Among the 33 new women elected to the House this week, only one is a Republican.
Carol Miller, the majority whip in the West Virginia state House and daughter of a former Ohio congressman, won the Mountain State’s 3rd District seat Tuesday night, defeating Democratic state Sen. Richard Ojeda.
Although she’s replacing a man (GOP Rep. Evan Jenkins didn’t run for re-election) Miller is joining a House Republican conference with significantly fewer women than the current Congress.
There are 23 Republican women in the House in the 115th Congress. But a quarter of them did not seek re-election. Two more (Virginia Rep. Barbara Comstock and Georgia Rep. Karen Handel) lost their re-elections, and at least three more remain in jeopardy in races that the Associated Press has yet to call. Miller could be joined by one additional new woman, California’s Young Kim, whose race in California’s 39th District is also yet to be called.
As late as September, Ohio Rep. Steve Stivers, chairman of the National Republican Congressional Committee, predicted the GOP could see an increase in female representation. In reality, it was difficult to see how the conference could break even.
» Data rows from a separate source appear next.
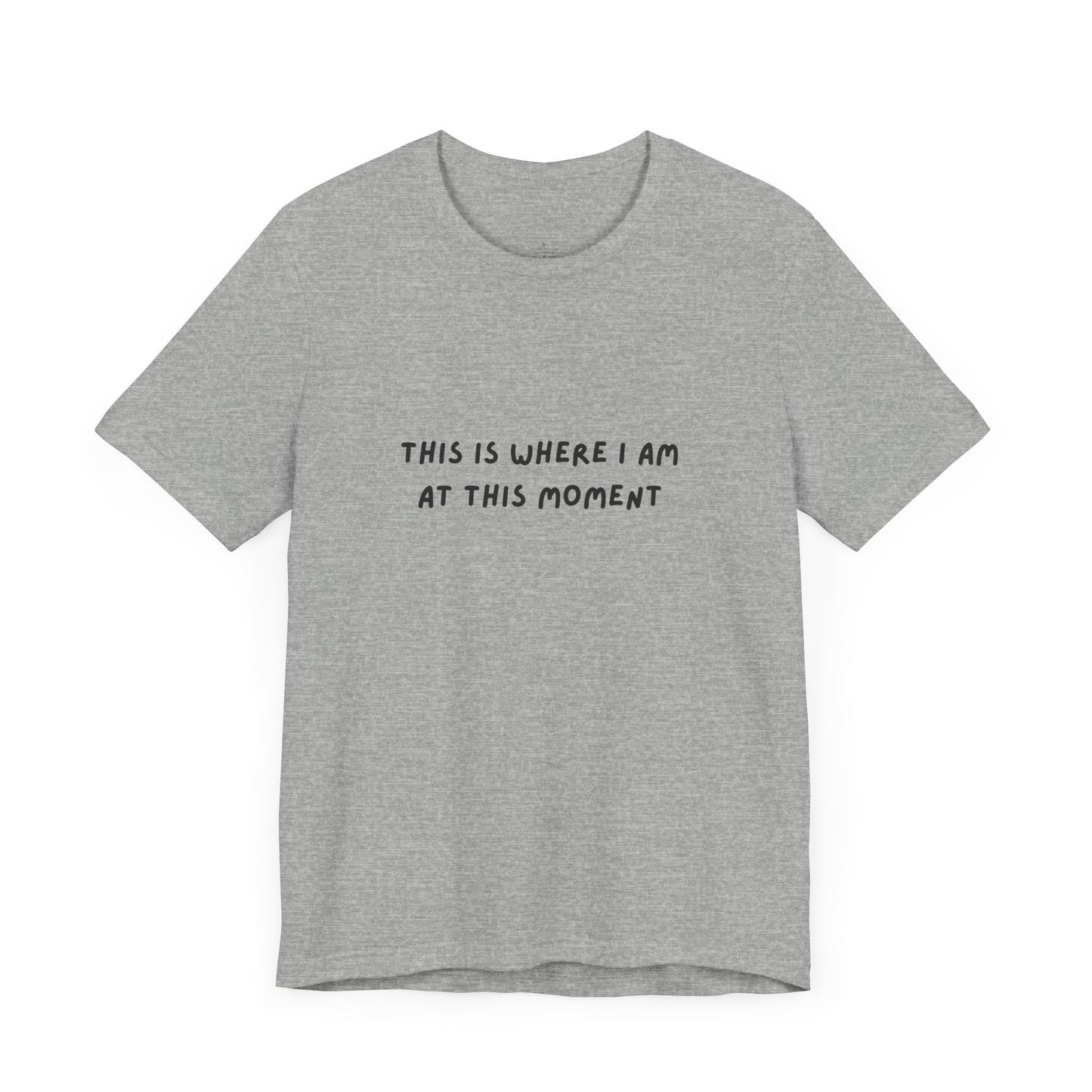 This is Where I Am Unisex Tee, Fun Shirts, Gift, Comfy, Soft, Casual, Gender Neutral, Short Sleeve, Women, Men, Teens, Birthday, Christmas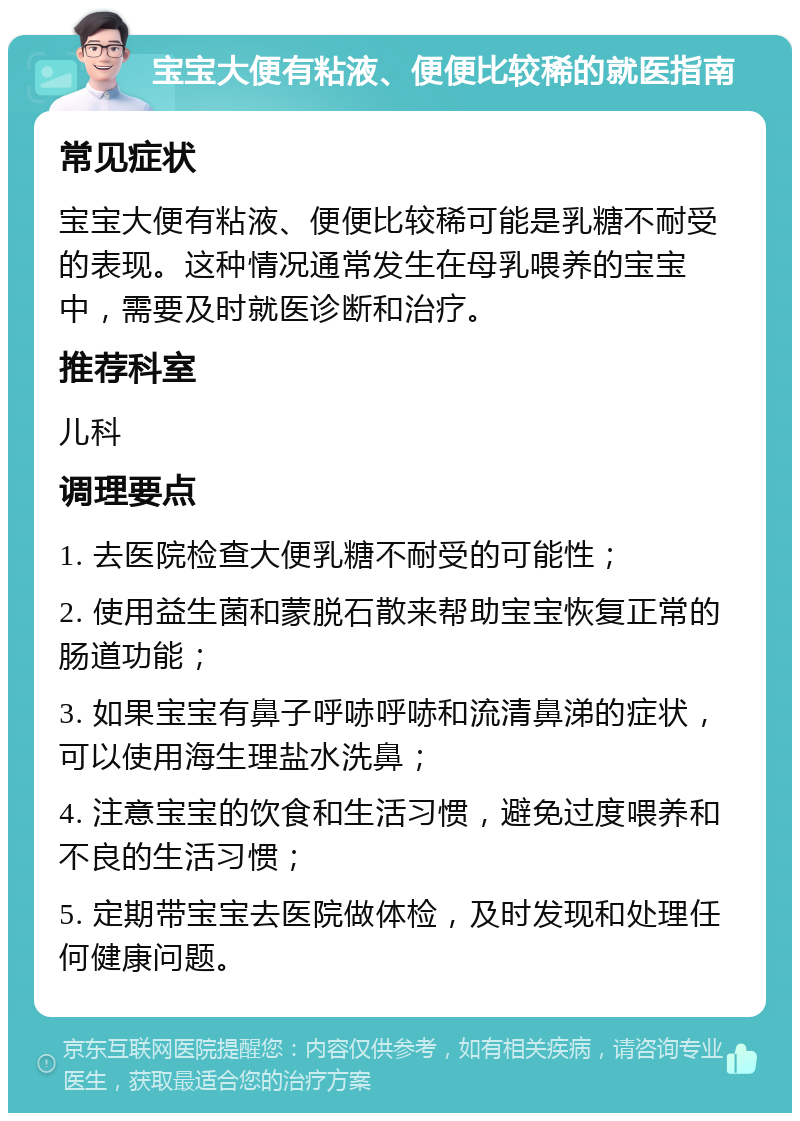 宝宝大便有粘液、便便比较稀的就医指南 常见症状 宝宝大便有粘液、便便比较稀可能是乳糖不耐受的表现。这种情况通常发生在母乳喂养的宝宝中，需要及时就医诊断和治疗。 推荐科室 儿科 调理要点 1. 去医院检查大便乳糖不耐受的可能性； 2. 使用益生菌和蒙脱石散来帮助宝宝恢复正常的肠道功能； 3. 如果宝宝有鼻子呼哧呼哧和流清鼻涕的症状，可以使用海生理盐水洗鼻； 4. 注意宝宝的饮食和生活习惯，避免过度喂养和不良的生活习惯； 5. 定期带宝宝去医院做体检，及时发现和处理任何健康问题。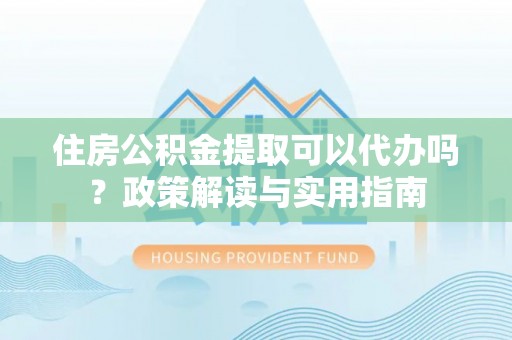 武陵住房公积金提取可以代办吗？政策解读与实用指南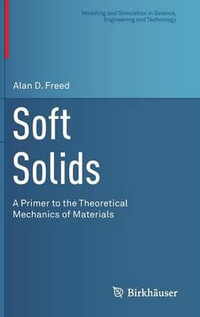 Soft Solids : A Primer to the Theoretical Mechanics of Materials - Alan D. Freed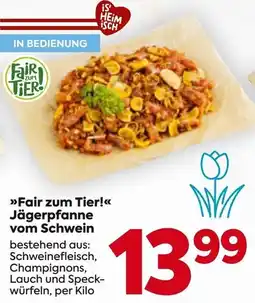 Billa Jägerpfanne vom Schwein Jägerpfanne vom Schwein Angebot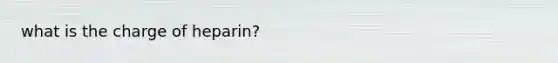 what is the charge of heparin?
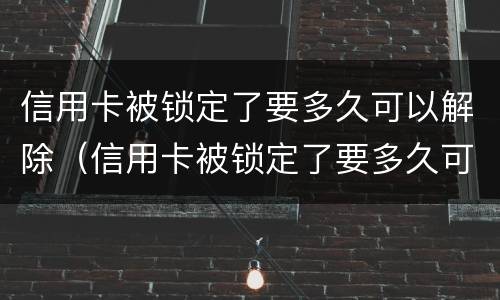 信用卡被锁定了要多久可以解除（信用卡被锁定了要多久可以解除冻结）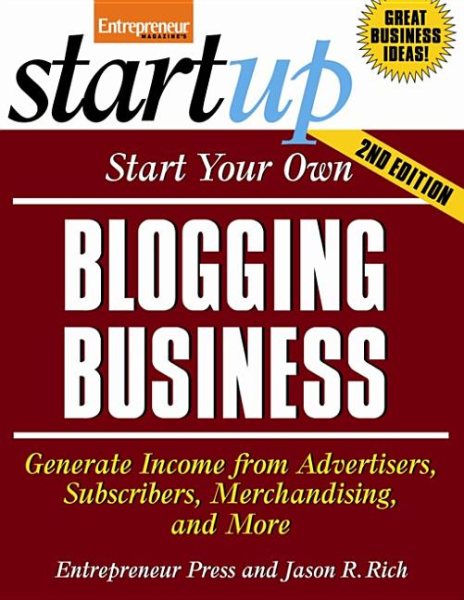 Start Your Own Blogging Business: Generate Income from Advertisers, Subscribers, Merchandising, and More (StartUp Series) cover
Many female recruits were running in districts that favored Democrats. And although Stivers touted the party’s efforts to recruit 120 women to run, only a fraction won their primaries.
Republicans’ inability to get women through primaries has been a source of frustration for some female members and operatives who wish they had an organization like EMILY’s List that could invest serious resources into intra-party contests.
Miller was one of the few women who made it through a contested GOP primary this year. She took 24 percent of the vote in a seven-way contest in May. A new outside group dedicated to electing GOP women spent five-figures on a digital buy in the last week of the race but that probably wasn’t a deciding factor in her victory.
Asked in May what distinguished her from her closest primary competition, Miller said, “Well, I’m a wife, a mother and a grandmother,” before touting her legislative experience.
Miller kicked her own resources into both her primary and general election campaigns. According to reports filed with the Federal Election Commission, she loaned her campaign more than $500,000 by mid-October. Her family owns a number of car dealerships in the area.
A bison farmer whose campaign slogan was, “cut the bull out of politics,” Miller ran as a Washington outsider, but her late father was an Ohio congressman for 22 years. Samuel L. Devine retired as the House Republican Conference chairman in 1980.
President Donald Trump carried the southern 3rd District by 49 points, and Miler fully embraced him. Democrats viewed this open seat as their best pickup opportunity in the Mountain State because Ojeda, a retired Army major who voted for Trump in 2016, was seen as a good fit for the district. He ran an unconventional campaign and didn’t hold back against Miller, often directly responding to her attacks in his own TV ads.
Ojeda outraised Miller, bringing in $2.2 million to her $1.6 million by the end of the pre-general reporting period in mid-October. But Miller defeated Ojeda handily Tuesday night, 56 to 44 percent.